Mettere in luce il bene “silenzioso” per una “Cultura” di pace Il messaggio di don Mottola secondo  Mons. Casale

di Domenico Pantano
foto Salvatore Libertino

La ricorrenza della XV Edizione del “Premio Don Mottola” ha riunito a Tropea diversi soci della Fondazione, amici ed estimatori del Servo di Dio, che hanno preso l’occasione per confrontarsi sull’attualizzazione del suo messaggio in un una società globalizzata, in cui il bene sembra avere poca rilevanza.
Ha aperto i lavori, a nome del presidente Dott.
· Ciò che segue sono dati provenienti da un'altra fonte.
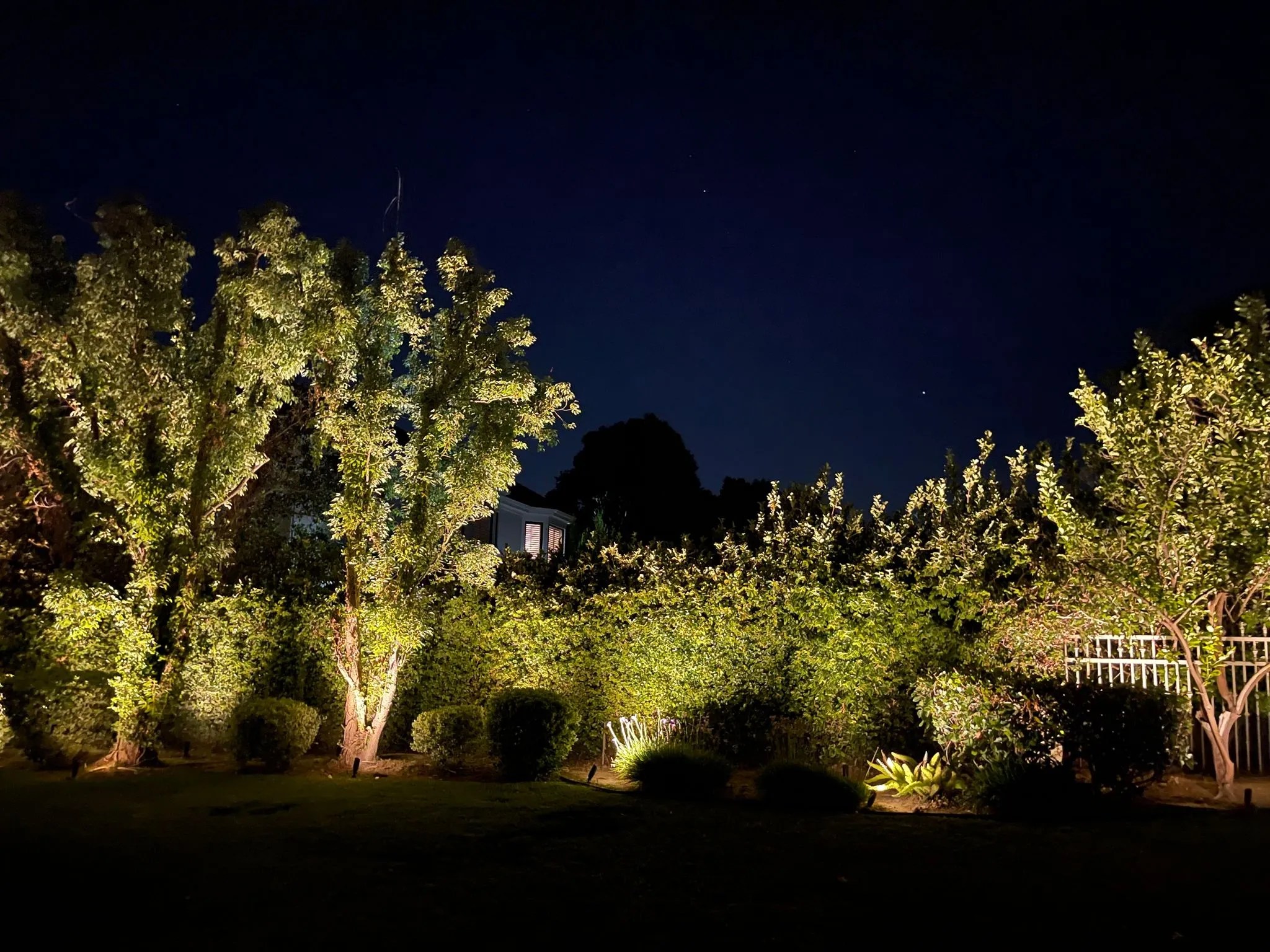 Los Angeles Landscape Lighting Installation• Los Angeles Landscape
Albino Gorini assente per impegni sindacali come presidente nazionale  della CISL  Agricoltura, Nicola Di Napoli, ispiratore e fondatore della Fondazione, il quale ha manifestato la sua soddisfazione e gratitudine al Signore e agli amici sostenitori per la vitalità e validità dimostrata dall’iniziativa, nel suo quindicesimo anno di vita.
Ha quindi rivolto il saluto a Mons. Domenico Cortese Vescovo della diocesi di Mileto-Nicotera -Tropea, a Mons. Umberto Casale Vescovo Emerito di Foggia-Bovino, al Sindaco Dott. Domenica Cortese, a Don Domenico Pantano Moderatore Generale degli Oblati e a tutti i presenti, in particolare ai provenienti da regioni diverse e lontane dalla Calabria. Ha infine ribadito la natura e le finalità della Fondazione, che si propone di  mettere in luce e di far conoscere il bene singolo o comunitario, che si manifesta nella vita quotidiana normale e che, in quanto tale, non fa notizia.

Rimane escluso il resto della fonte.